Hans Rookmaaker wrote a book called The Death of Culture which I highly recommend. In it he talked about modern art and music and how it was revealing the death of culture all around us. After thinking through that for several years my thought is that since the church is supposed to be salt which perseveres and light which keeps the darkness at bay then what has been going on in the church that is causing culture to decay and grow dark?
In my opinion, the answer is bad footers. The church has refused to take all thoughts captive for Christ. In the arts we refused to take music theory captive for Christ. We thought that music was neutral. That it didn’t make any difference and so we believed the lies that some chords were evil, some beats were evil, some sounds were ungodly and all of those things are not true. All music, all sound waves were created by God for his glory and they were created good. A seventh chord is not less of a chord than a major third. Neither is a 13th chord. A back beat was created by God just like every other beat.

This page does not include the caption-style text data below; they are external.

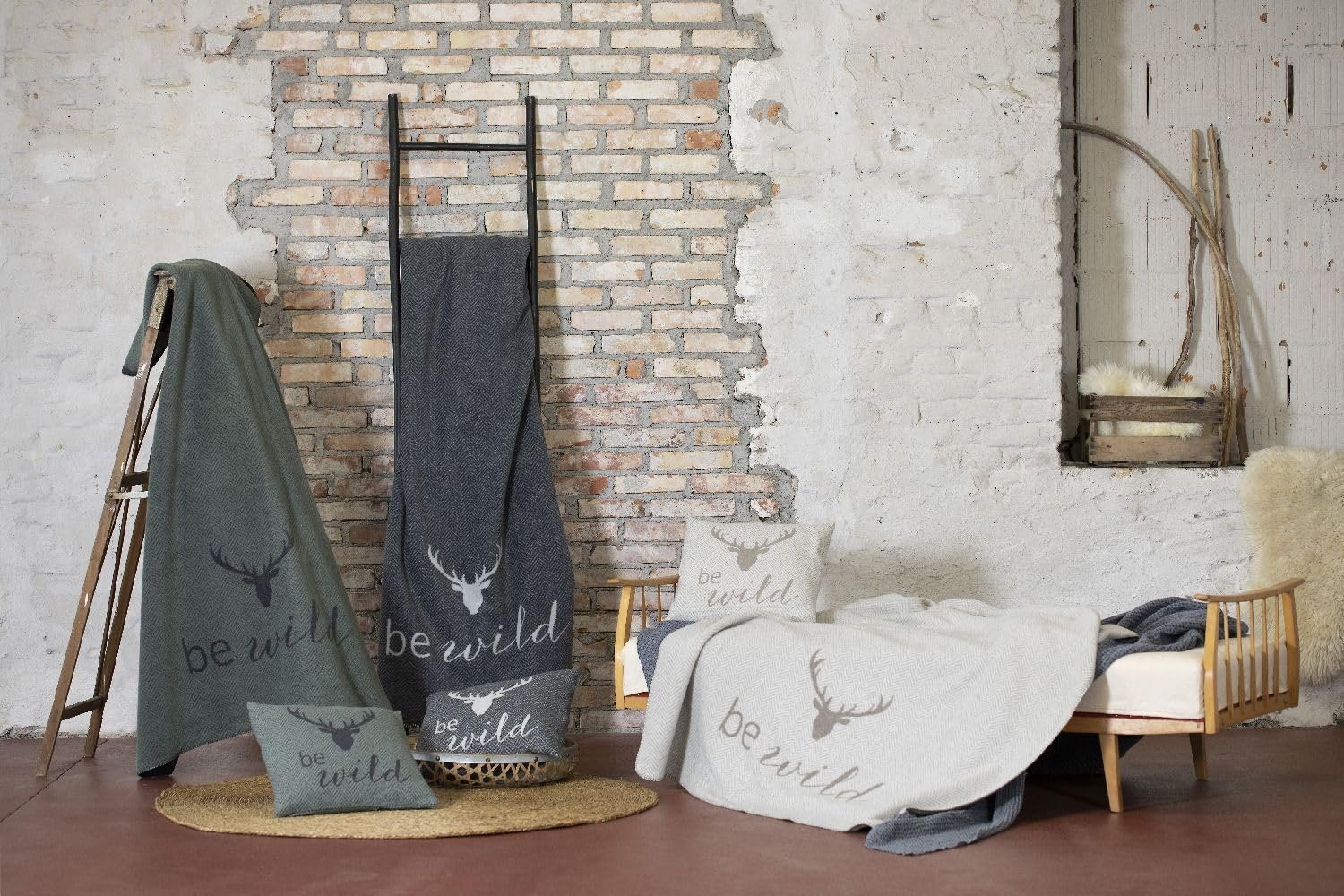 Покривало David Fussenegger Be Wild Anthracite 200 x 150 см, фото №3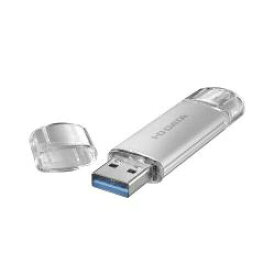 IODATA アイオーデータ USB-A＆USB-C 搭載USBメモリー(USB 3.2 Gen 1)128GB シルバー(U3C-STD128G/S)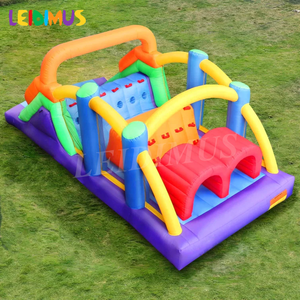 Túnel de carrera de obstáculos de alta calidad, juegos de desafío para niños, juegos de juegos suaves, carrera de obstáculos inflable flotante - Product Image 5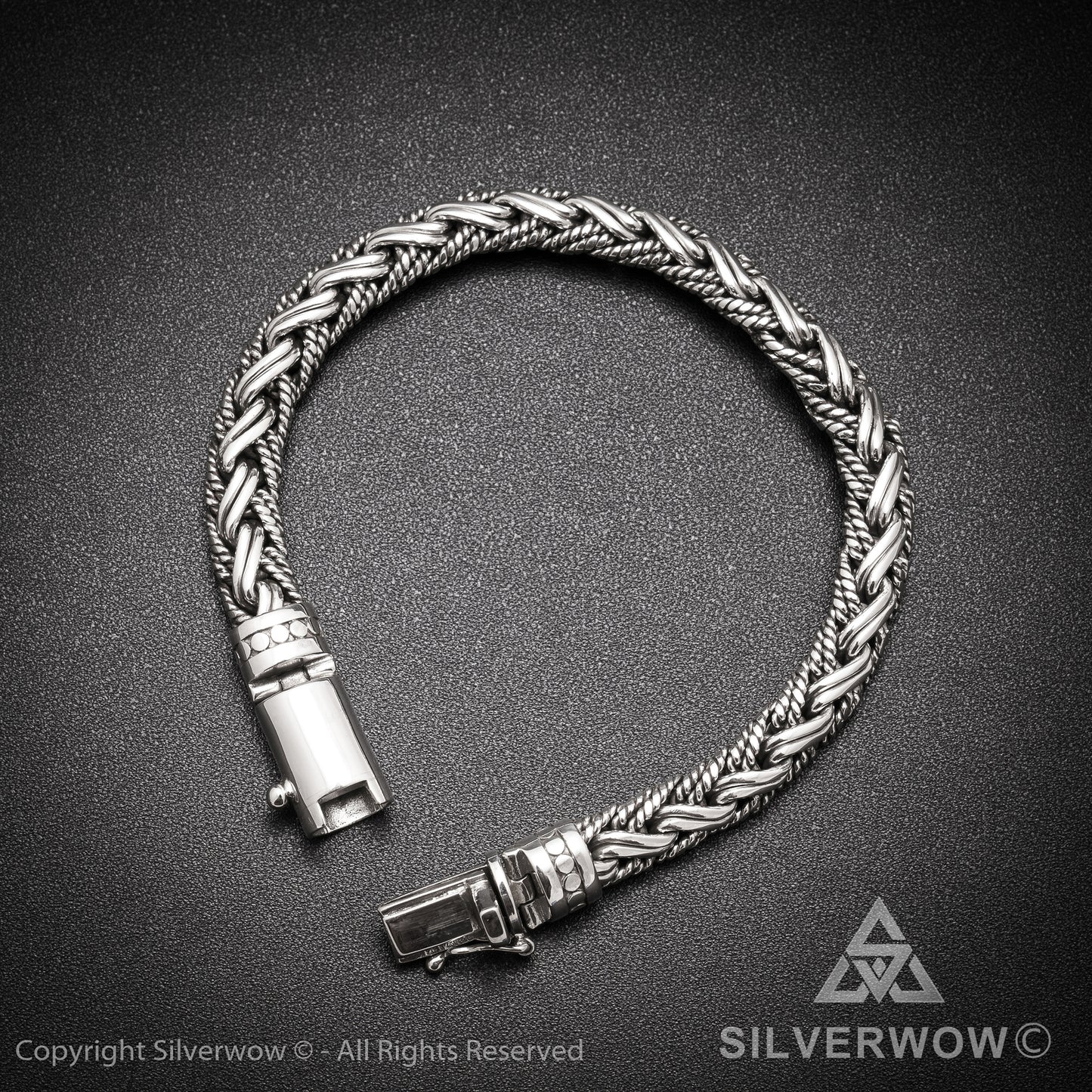 Buyan, Rope Weave Bracelet x 10mm - SilverWow™
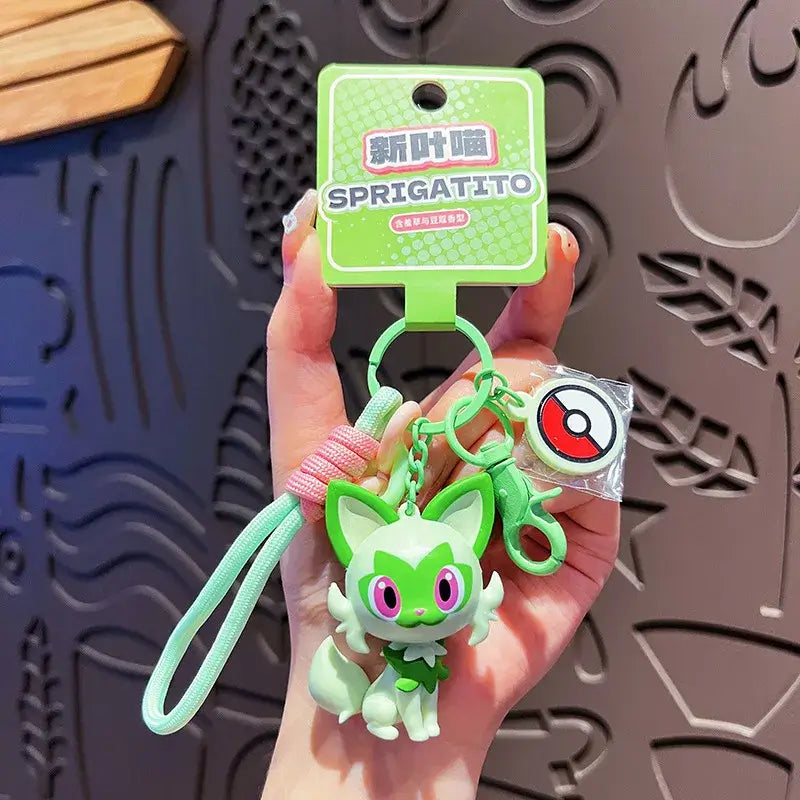 Genuine Pokemon Keychain: Scented Anime Figure Pendant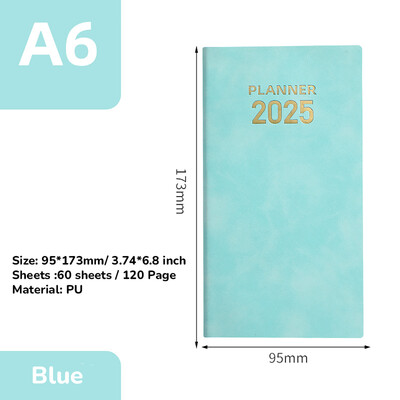 2025 m. A6 užrašų knygelė Užrašų knygelė Kasdienis savaitės darbotvarkės planuotojas Užrašų knygelės Raštinės reikmenys Biuro reikmenys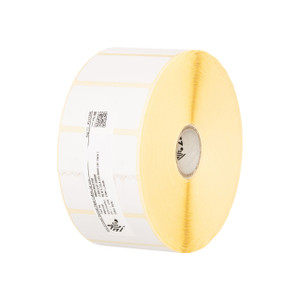 Zebra 4" x 2" Z-Perform 1500T M830 General Purpose RFID Label | For Industrial & Desktop Printers | Case of 8 Rolls - 600 Labels per Roll | ZIPR10044780-CASE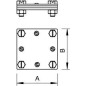 Соединитель полосы крест. 256 DIN 30 FT OBO 5314615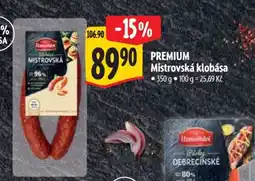 Albert PREMIUM Mistrovská klobása nabídka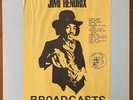 JIMI HENDRIX Broadcasts US ORG 1970's Black Vinyl LP + INSERT Minty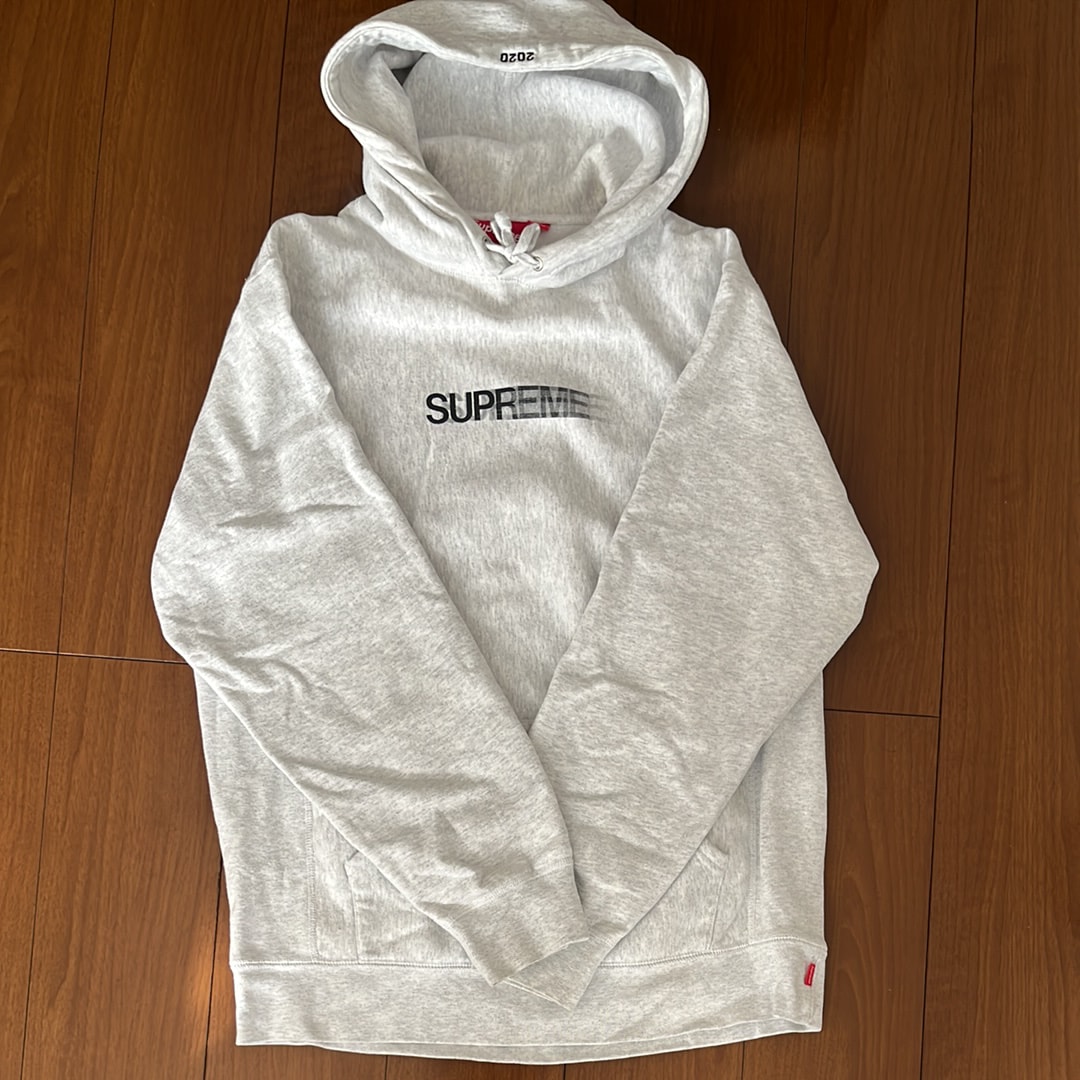 Supreme Motion Logo Hooded Sweatshirt "Grey" (20SS)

Just because Prince or the B52's or even a stripper use a back beat to glorify sin doesn’t mean that the back beat is sinful. I know preachers that use sermons to promote sin but that doesn’t make the sermon sin. It’s time to begin to think biblically about every area of life. It is time to separate the tares from the wheat in our understanding of the world in which we live. If we don’t begin to not only will we have to pay a price on Judgment day but the generations that follow us will pay the price of us building on bad footers. When the shaking comes, and it surely will come, most of what we have built will come
crashing down around those we’ve left behind – our children and our grandchildren.
I want something better for my heirs. I want something better for this world.
I pray that the words of Roger Waters are not our legacy:
We watched the tragedy unfold We did as we were told We bought and sold
It was the greatest show on earth But then it was over We oohed and aahed
We drove our racing cars We ate our last few jars of caviar
And somewhere out there in the stars A keen-eyed look-out Spied a flickering light
Our last hurrah
And when they found our shadows Groups 'round the TV sets They ran down every lead
They repeated every test They checked out all the data in their lists
And then the alien anthropologists Admitted they were still perplexed
But on eliminating every other reason For our sad demise
They logged the only explanation left
This species has amused itself to death
No tears to cry No feelings left
This species has amused itself to death
Amused itself to death
May we find the grace to lay solid footings for the foundation upon which we build the kingdom of God.